An Amateur’s Guide to Underwater LEGO Photography (Part 2)
Yesterday, I went back to work after a nice long summer off. I also posted a picture of Ursula the Sea Witch as my #WordlessWednesday entry for the week. I thought it was a fitting choice because it was a photo I have been holding onto since my vacation at the cottage. I think it turned out really nicely. It was actually part of a series of photos that I took underwater. You might recall that I already wrote an article about underwater photography earlier this month using Aquaman (click here to read it). Today, I thought I would once again broach the topic, but this time in relation to my post from yesterday.

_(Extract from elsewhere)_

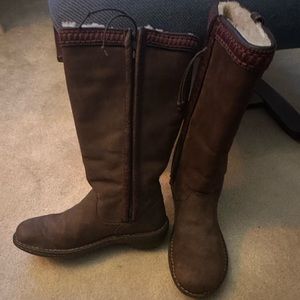 UGG Womens 5139 Brown Leather Sheepskin Boots Booties Size 8 - fits like a 7.5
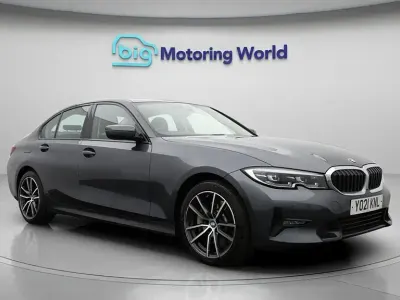 Begagnad BMW 330e Sport Line 292 HK (214 kW) 2021 Grå Sedan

The picture that I posted yesterday (see above) was may favorite from the series. As with my first attempt at underwater photography, these pictures were taken with my really old Pentax WPi waterproof camera. I took these photos in really shallow water. In most cases, it was just enough water to cover Ursula. If you recall, I mentioned that I had trouble aiming the camera underwater with my Aquaman shots a few weeks ago. The screen is very hard to see underwater. I found that in shallow water, that became a little easier.
The smoky effect in some of the pictures is actually natural and not Photoshop. When I was taking the Aquaman pictures, I had trouble with the silt on lake bottom. Any movement caused the silt to become suspended, clouding the shots. But, afterwards I found that it settled back down to the bottom in an interesting manner. The current in the lake would sweep most of the silt away within a few minutes. But, if you made a depression, say a foot print, the depression would remain cloudy for some time even after the water above it had cleared. I was carefully able to swirl that cloud with my finger to create really interesting effects around Ursula.
The final photos were edited in Photoshop to bring out the colours. I also turned the lake water blue to give it a more deep ocean look. Finally, I brought out the colour in Ursula’s face a little more.